In clinical translational research, immunofluorescence images have been widely applied to pathological tissue analysis to study tumor microenvironments19, due to their ability to detect multiple biomarkers simultaneously on a single tissue section. This has led to the development of numerous AI-based fluorescent image analysis methods20. In clinical diagnosis, there is an increasing trend of fluorescence imaging application in the clinical diagnosis of fungal infections due to its sensitivity and specificity. Notably, fluorescence images using fluorescence dye that specifically stains the component of the fungal cell wall are better at distinguishing fungi from the background than bright-field images, allowing for clearer observation of fungal morphology and improving a doctor’s efficiency. In this study, two deep learning models, the YOLOX and MobileNet V2 models, were combined to conduct an analysis of fungal fluorescence images. In model performance validation, both individual and ensemble models demonstrated high efficacy in identifying fungal spores, hyphae, and mycelium, achieving results comparable to those of clinicians. To the best of our knowledge, this is the first time that fungal mycelium has been detected, separate from spores or single hyphae using a different model. Fungal mycelium is a common fungal form in clinical samples, and its accurate detection is important for clinical diagnosis. With the widespread use of digital scanners in hospitals, a fully automated analysis workflow powered by deep learning technology would be a promising approach to alleviate the burden of hospitals.

Previous studies have primarily focused on non-superficial fungi, including non-cutaneous fungal species, which exhibit significant morphological differences compared to superficial fungi. Consequently, the AI algorithms required for their detection might also differ15,16. In addition, in certain clinical fungal diagnostic scenarios, the challenge lies in fungal classification, a task addressed through image classification algorithms12. Although some studies have conducted the AI-based identification of superficial fungi from bright-field images in recent years, they have not comprehensively analyzed the integrated recognition of fungal spores, hyphae, and mycelium in superficial fungi, which is crucial to reflect real-world clinical application scenarios. In contrast, this study employs a combination of different AI algorithms to identify diverse morphological variations of superficial fungi, aiming to determine the presence of fungal infection in clinical samples.

Although this study has achieved promising results, it has some limitations. First, the annotation process of fungus images is time-consuming and complex. Second, the generalization ability of the proposed hybrid model is limited by the training data, and fungus species are diverse and are known for their seasonal and regional distribution characteristics. Therefore, future research could explore the following aspects. First, the proposed model could be further optimized to improve its classification ability for small targets and complex morphology. For instance, different AI-based models, such as the YOLOv5, Faster R-CNN, and EfficientNet models, could be employed to improve detection performance. Second, the training dataset could be expanded and diversified to enhance the proposed model’s generalization ability. Third, more advanced augmentation methods, such as domain-specific augmentations (e.g., synthetic lesion generation via StyleGAN for medical images), could be used to improve detection performance to address the problems of class imbalances and rare cases.

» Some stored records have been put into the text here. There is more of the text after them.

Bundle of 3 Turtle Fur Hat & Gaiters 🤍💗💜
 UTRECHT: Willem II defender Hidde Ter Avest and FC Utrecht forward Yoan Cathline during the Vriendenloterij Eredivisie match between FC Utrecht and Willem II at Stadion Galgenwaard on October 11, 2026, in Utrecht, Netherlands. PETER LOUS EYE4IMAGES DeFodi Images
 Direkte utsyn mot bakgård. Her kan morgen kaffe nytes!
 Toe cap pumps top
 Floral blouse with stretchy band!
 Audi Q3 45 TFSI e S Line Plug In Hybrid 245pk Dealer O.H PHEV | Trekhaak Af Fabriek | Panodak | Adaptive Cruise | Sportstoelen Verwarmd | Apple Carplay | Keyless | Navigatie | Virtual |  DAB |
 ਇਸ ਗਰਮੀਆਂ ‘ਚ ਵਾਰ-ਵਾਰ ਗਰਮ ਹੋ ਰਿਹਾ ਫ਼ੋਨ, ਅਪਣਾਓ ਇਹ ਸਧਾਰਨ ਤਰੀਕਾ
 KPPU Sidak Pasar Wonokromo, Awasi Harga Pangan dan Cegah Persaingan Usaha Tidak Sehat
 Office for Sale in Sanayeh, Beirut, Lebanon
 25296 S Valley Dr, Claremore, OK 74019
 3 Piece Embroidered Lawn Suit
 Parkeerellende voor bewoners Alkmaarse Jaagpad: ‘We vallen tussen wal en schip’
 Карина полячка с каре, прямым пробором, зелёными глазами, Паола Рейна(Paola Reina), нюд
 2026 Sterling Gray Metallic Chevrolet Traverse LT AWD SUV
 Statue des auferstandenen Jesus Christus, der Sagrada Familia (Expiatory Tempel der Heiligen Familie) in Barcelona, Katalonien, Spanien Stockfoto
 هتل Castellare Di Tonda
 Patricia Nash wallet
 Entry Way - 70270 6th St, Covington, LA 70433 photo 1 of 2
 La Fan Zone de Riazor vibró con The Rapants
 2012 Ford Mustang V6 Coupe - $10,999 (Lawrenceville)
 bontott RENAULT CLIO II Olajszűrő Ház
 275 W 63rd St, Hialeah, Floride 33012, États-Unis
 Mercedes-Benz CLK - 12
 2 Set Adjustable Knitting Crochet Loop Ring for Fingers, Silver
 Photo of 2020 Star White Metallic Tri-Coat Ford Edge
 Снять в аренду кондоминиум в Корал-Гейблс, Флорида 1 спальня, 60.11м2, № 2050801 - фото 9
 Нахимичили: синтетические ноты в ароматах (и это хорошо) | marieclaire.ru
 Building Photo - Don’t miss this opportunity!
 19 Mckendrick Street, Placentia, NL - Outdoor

In summary, the combination of the YOLOX and the MobileNet V2 models provides a more comprehensive and effective method for analyzing fluorescent fungal images. Future work could further explore the optimization and fusion of the two algorithms to expand the recognition range of fungal species, aiming to further improve the accuracy of these models. At the same time, the proposed AI-driven framework could be combined with fluorescence scanning technology to provide a comprehensive clinical solution for automated skin fungal identification to support diagnostic decision-making.